As part of the 2017-18 Poets Out Loud reading series, Ryan and Mohabir will deliver readings of their award-winning work on Wednesday, Oct. 25 at Fordham College at Lincoln Center. The event, which is co-sponsored by the college and Kundiman, will be held in the Lowenstein building from 7 p.m. to 8:15 p.m. It is free and open to the public.
“Poets Out Loud has a longstanding commitment to represent a range of ethnicities and poetic styles, and audience members may well be intrigued and excited by this particular pairing,” said Heather Dubrow, Ph.D., holder of the John D. Boyd S.J., Chair in the Poetic Imagination and director of the Poets Out Loud reading series. “Mohabir’s language is luxuriant and multilingual and Ryan’s language is spare, with apparently straightforward words often juxtaposed with startling ones.”
Kay’s collections of poems include Erratic Facts (2015), The Best of It, New and Selected Poems (2010), Flamingo Watching (2006) and The Niagara River (2005). Besides her Pulitzer Prize for Poetry, she has received a MacArthur “Genius” Award and a National Humanities Medal.

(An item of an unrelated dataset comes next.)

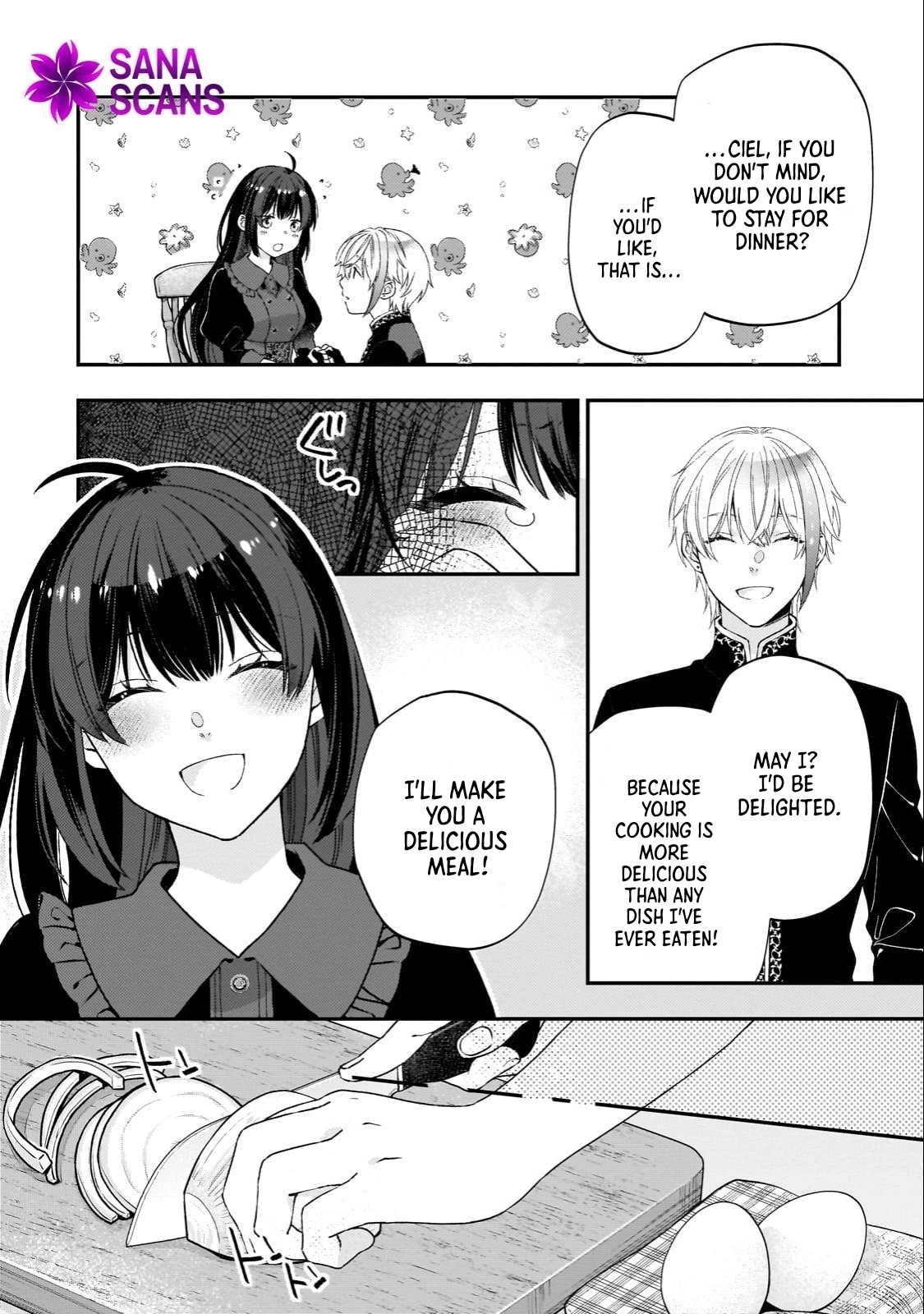 Villainess Diner: Dumped, So I Opened a Restaurant Chapter 4 page 21 -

Despite these accolades, Kay, who has taught remedial English at the College of Marin for more than three decades, has created equilibrium between her own independence and the literary spotlight she is often thrust into. In the cleverly titled, “Lime Light,” from Say Uncle (2000), she affirms: “One can’t work by/lime light.” Meanwhile “Blandeur,” another poem from the same collection, finds Kay endorsing a similar refrain: “If it please God, let less happen.”

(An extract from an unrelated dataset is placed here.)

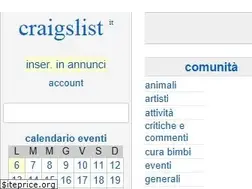 Sites similar to rome.craigslist.org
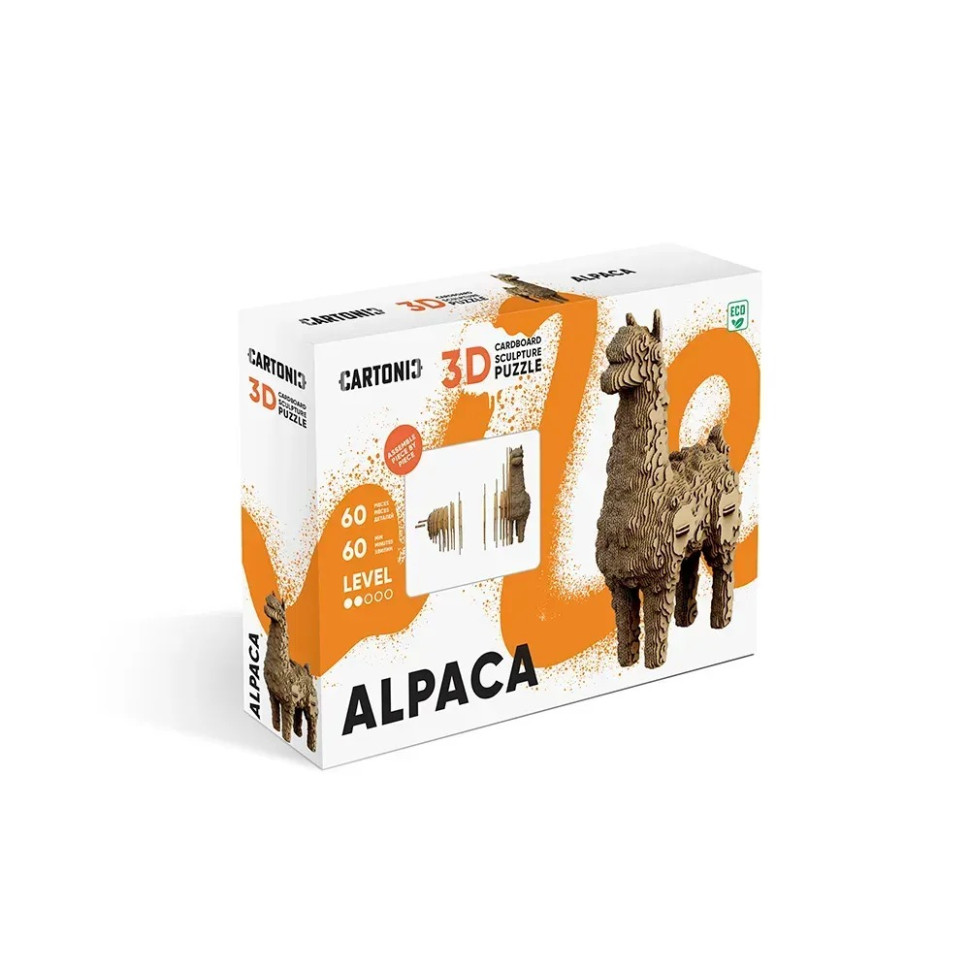 Картонний конструктор 3D Puzzle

In contrast, the poems of Mohabir, a professor of English at Auburn University in Alabama, Georgia, may seem expansive. “Ode to Richmond Hill,” recalls the vitality of the Little Guyana community in Queens, New York, the words pulsating like the soca, calypso, and Bhojpuri folk music of his ethnic customs: “eyes in disbelief, Pick up yuh/paisa, na man! no worry/on this slate day youths dem/speak no Hindi to know paisa/means money, a taxi speeds/by blaring chutney remix.”
Mohabir will be reading poems from his debut poetry collection, The Taxidermist’s Cut (2016), and The Cowherd’s Son (2017), for which he received the 2015 Kundiman Prize.
“As a student, I remember going to these types of readings and saying, ‘Oh my god! Is it possible that I can write like this?’” he said. “I feel like it’s cool to be in such dialogue and inhabit that space where people are actually listening to what I say, but then also thinking about how to include the things they never thought they could do in their own writing.”
Ryan, who will be reading poems from The Best of It and Erratic Facts, enjoys the unique perspectives that poetry readings can bring.
“What I most enjoy about reading my poems to an audience is the sense I get of a big collective mind receiving them, a mind bigger and more convincing than any individual mind,” she said. “It’s nice to read to a really big mind.”